For this exercise, output exactly the lines from the opening line of the listing through the line with "Hormones also regulate", skipping pictures.

== COLLECTED MATERIAL ==
########################################

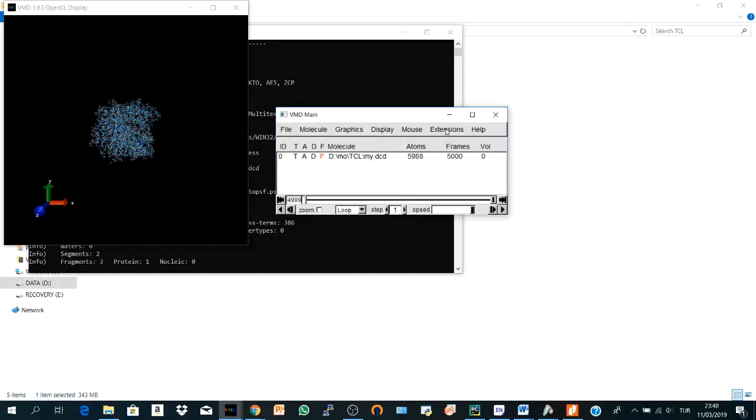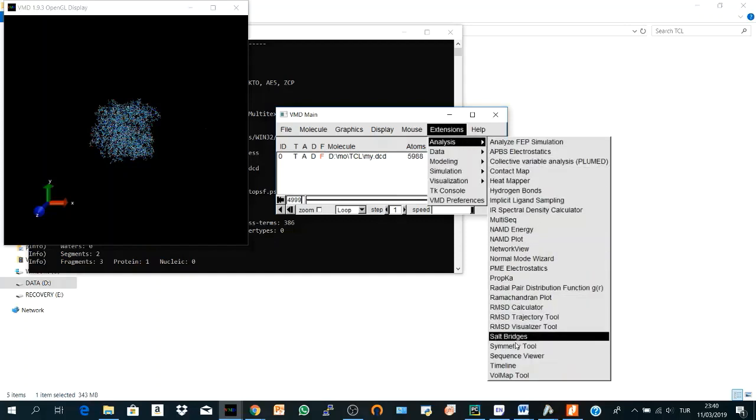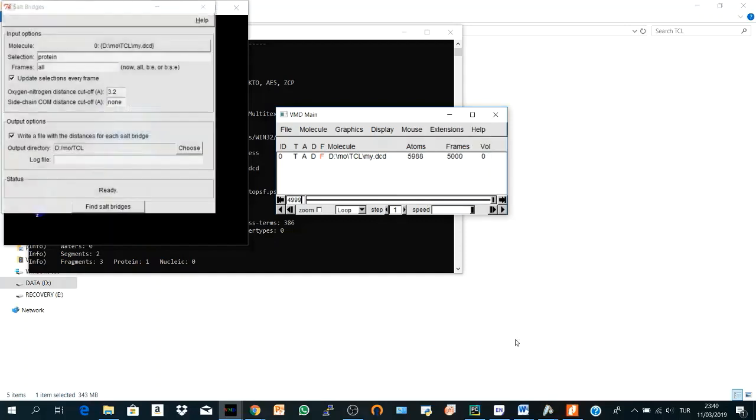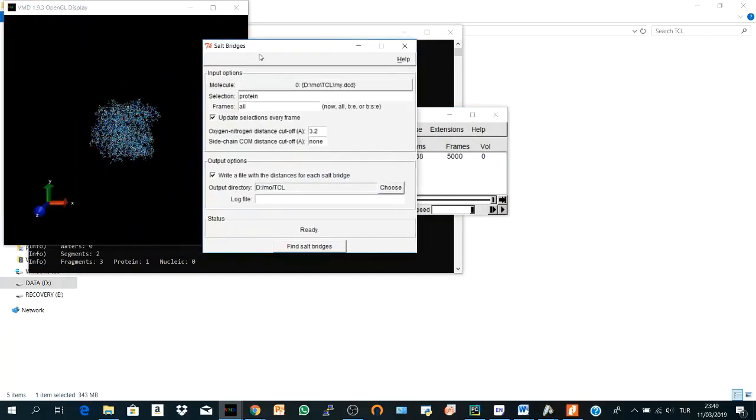So let's go to Extensions, Analysis and here we have Salt Bridge. It's quite simple. The molecule that we have is our trajectory. The selection, I will choose protein.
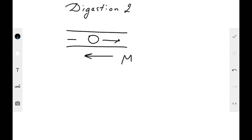Hormones also regulate motor activity. Motilin is a hormone of the diffuse endocrine system that increases peristalsis of the gastrointestinal tract. Along with motilin, secretin increases the activity of the pancreas, causing it to produce a large amount of bicarbonates and a small amount of enzymes. Cholecystokinin stimulates pancreatic secretion, increasing the amount of enzymes and inducing a small amount of bicarbonates in the pancreatic juice.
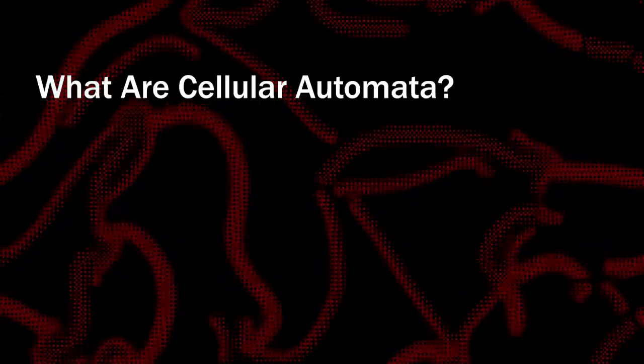But before I explain Neural Cellular Automata, what are Cellular Automata? A Cellular Automaton is, in its most basic form, a grid of cells that can either be one or zero, colored or black, alive or dead.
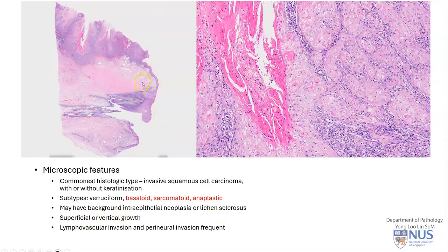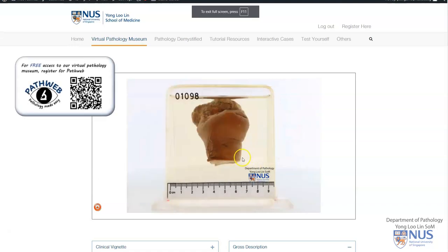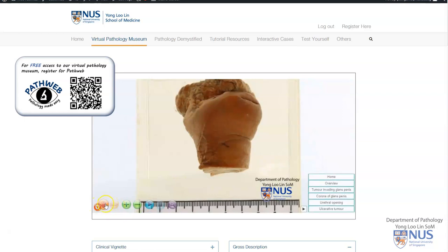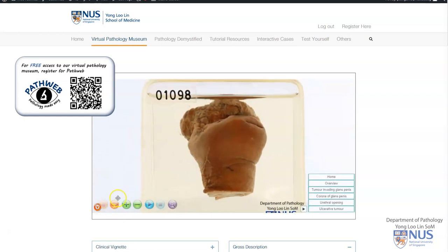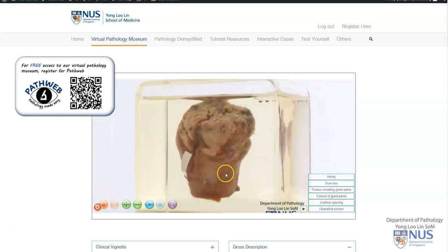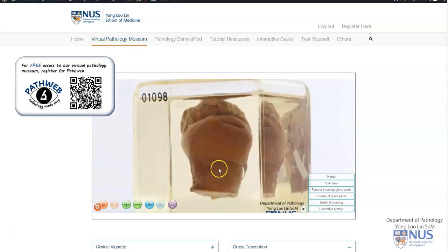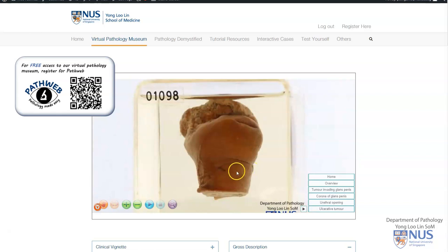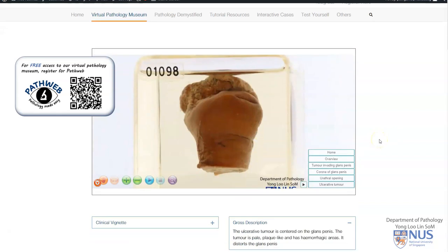These tumors can have a more superficial growth pattern or a vertical growth pattern where the tumor is more deeply invasive. Lymphovascular invasion and perineural invasion are frequent. Here is the page in PathWeb of the gross virtual pathology specimen of squamous cell carcinoma of the glans, and there is a separate video describing this specimen, which you can find in this video channel as well as in PathWeb.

########################################

== SOLVED PROBLEM ==
So let's go to Extensions, Analysis and here we have Salt Bridge. It's quite simple. The molecule that we have is our trajectory. The selection, I will choose protein.
Hormones also regulate motor activity. Motilin is a hormone of the diffuse endocrine system that increases peristalsis of the gastrointestinal tract. Along with motilin, secretin increases the activity of the pancreas, causing it to produce a large amount of bicarbonates and a small amount of enzymes. Cholecystokinin stimulates pancreatic secretion, increasing the amount of enzymes and inducing a small amount of bicarbonates in the pancreatic juice.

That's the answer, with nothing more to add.